At the gates of the castle we were met with an even stranger sight, two men dressed as soldiers barred the gates. “No booze inside.” This suddenly explained the huge throng of people milling about with beers. We opened our wine and set up near a tree to finish our drinks and head inside. We were slightly above the entrance on a hill and from that vantage point could see everyone as they came up the hill. There were mostly men at the party (mostly men in the rally, also) and they came up the hill in drag. Almost every male in the area was in a bikini for some reason, although a few had more inspired costumes. I snapped pictures (no one here will ever be able to run for office, that’s for sure) and eventually a small group had converged with us to watch the party unfold. Two Canadians, an Aussie and a few Brits milled around with us, drinking merrily and talking about the upcoming adventure. Spirits were high and everyone was jovial, it was going to be a fun night.
Eventually, we headed inside. A line near the entrance indicated free food, so we jumped in. Free lamb, kielbasa, salad, bread and all manner of other delicacies awaited us. It was delicious and the most food we’d eaten since our friend in London took us out to a fancy Lebanese dinner. Free gin was provided, and we learned Brits have cucumber instead of lime in theirs Gin Tonics. Odd people, those Brits.
Music kicked in, and we found chambers of parties all around us. One den in the castle for hip hop, one for blues, one for rap, for dance music, etc. We watched the main stage for awhile– three women dressed as sailors singing Russian pop songs– and then chatted with people around us, including Mario and Luigi look-alikes and a group of people in Borat neon-green thongs. Don’t ask. I found the dance tent and set about showing those Brits how it was really done. Mike, who never dances, even joined the party as we did the robot as a group and then salsa dancing to Eminem rap. It was completely dark when we left the dance tent.
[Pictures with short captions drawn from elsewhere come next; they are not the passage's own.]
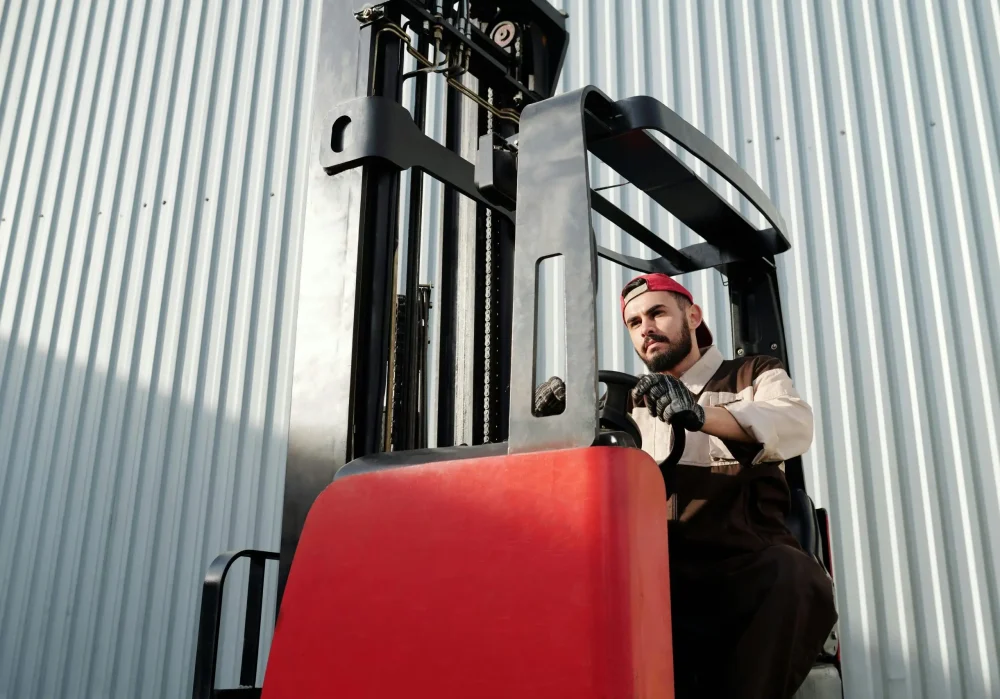 Forklift operator maneuvering a red stand-up forklift rental outside a metal building in Calgary, AB, working with Forklift Guy — forklift services calgary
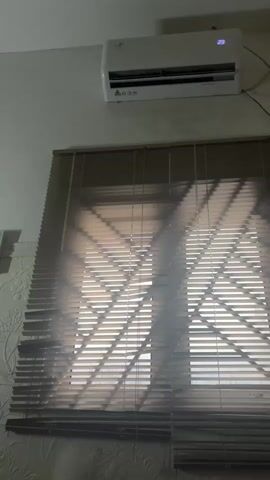 The video shows a split air conditioning unit mounted on a wall above a closed window with horizontal blinds. The air conditioning unit is white and has a digital display showing the temperature "29". The blinds are closed and appear to be a light brown color. Sunlight is visible through the blinds, casting geometric shadows on the window. The wall has a textured pattern. The video is still and appears to be a short loop.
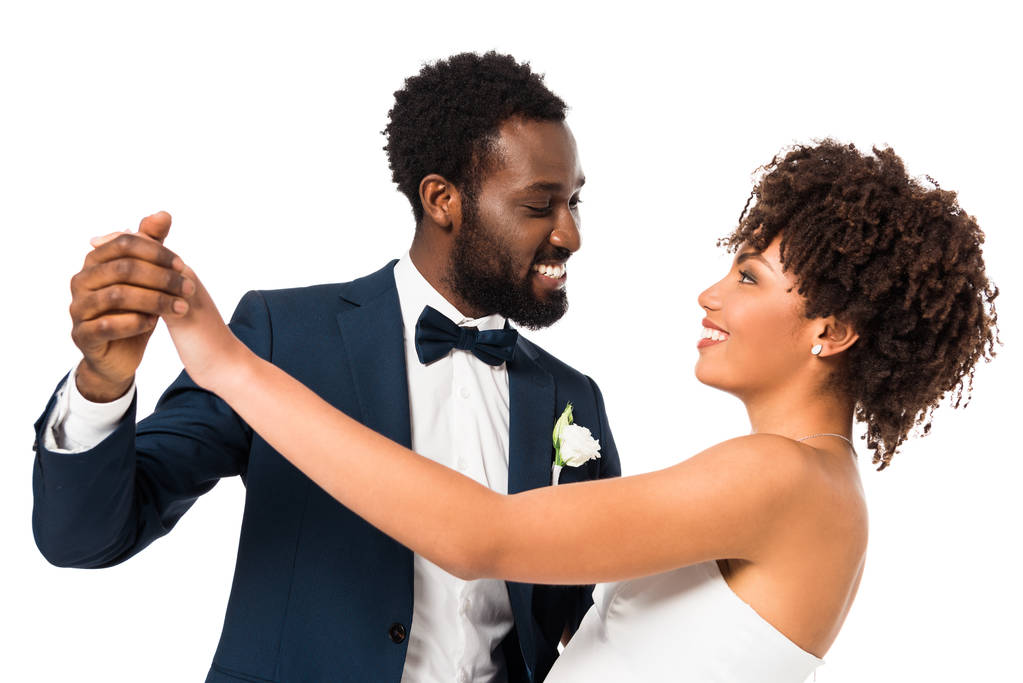 beau marié afro-américain regardant mariée heureuse tout en tenant les mains isolées sur blanc
  - Photo, image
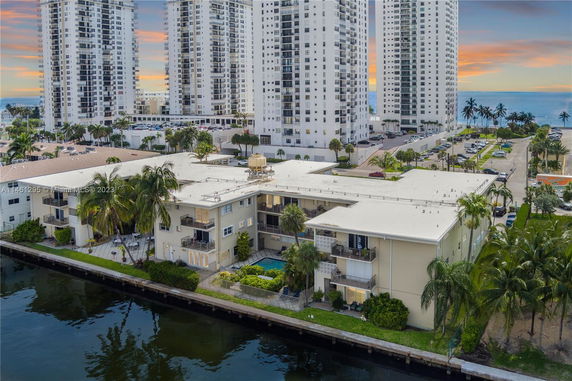 Aerial view of a waterfront residential building with surrounding high-rise structures and a nearby coastline.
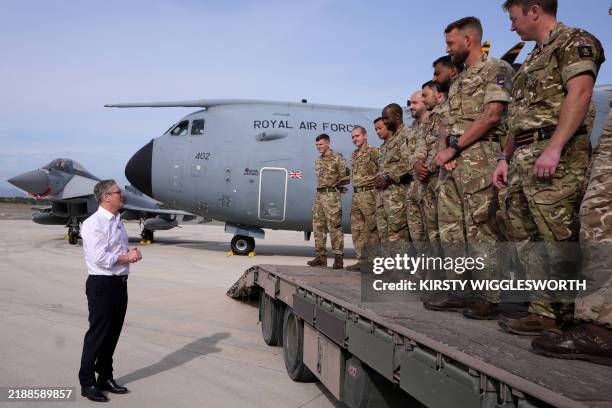 Britain's Prime Minister Keir Starmer talks to soldiers at the RAF base in Akrotiri on the southern coast of Cyprus on December 10, 2024.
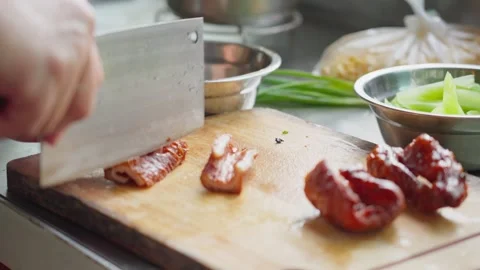 Close-up of hands cutting thin slices of braised sausage on a cutting board Stock Footage 341503991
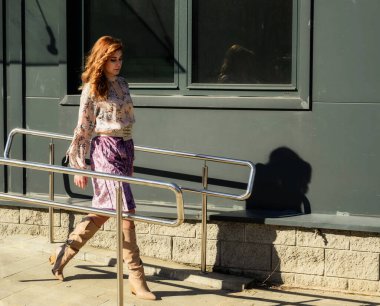 Güneşli bahar aylarında, binanın arka planında uzun saçlı, şık, alımlı, güzel bir kadının parlak havada çekilmiş uzun bir fotoğrafı..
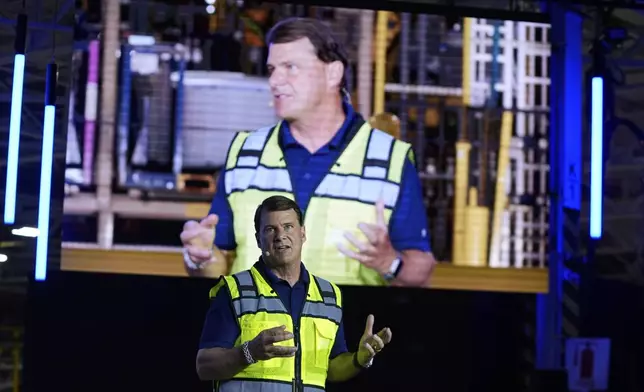 Ford CEO Jim Farley speaks at the Louisville Assembly Plant, Monday, Aug. 11, 2025, in Louisville, Ky. (AP Photo/Darron Cummings)
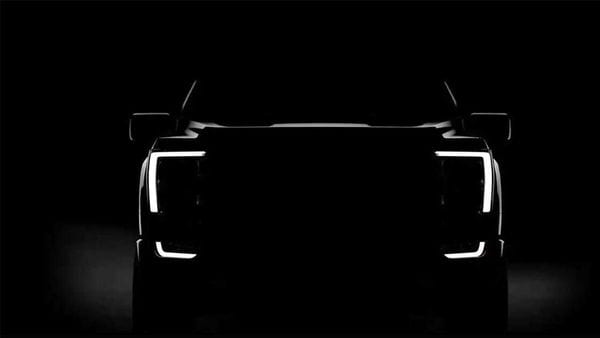 Ford Motor has teased a silhouette image of the new 2021 F-150 pickup truck with the newly designed headlights turned on.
Back at the campground we found a nearly nude man laying in the field. He couldn’t see so we helped him to his tent. “do you know which one is your tent?” I asked. “it’s the green one” he said. I pointed at a few green tents with a flashlight and eventually he crawled in one. Satisfied, I headed to my tent only to see him come back out of the tent some ten minutes later saying “I don’t think that’s my tent!”
In the morning, I unzipped my tent to find a disaster area. People had bottles everywhere, trash was in piles, people had made camp fires near their cars, and some still smoldered. Whatever genius organized the rally had only two porta-potties for all of us (200+ people) so they were not usable, and the water tanks had long since emptied. The castle was closed. We packed up, cleaned up our area and hit the road with a few other teams heading to Prague. It had been an amazing party in the hills of Czech, and certainly renting out a castle gives you mad street cred.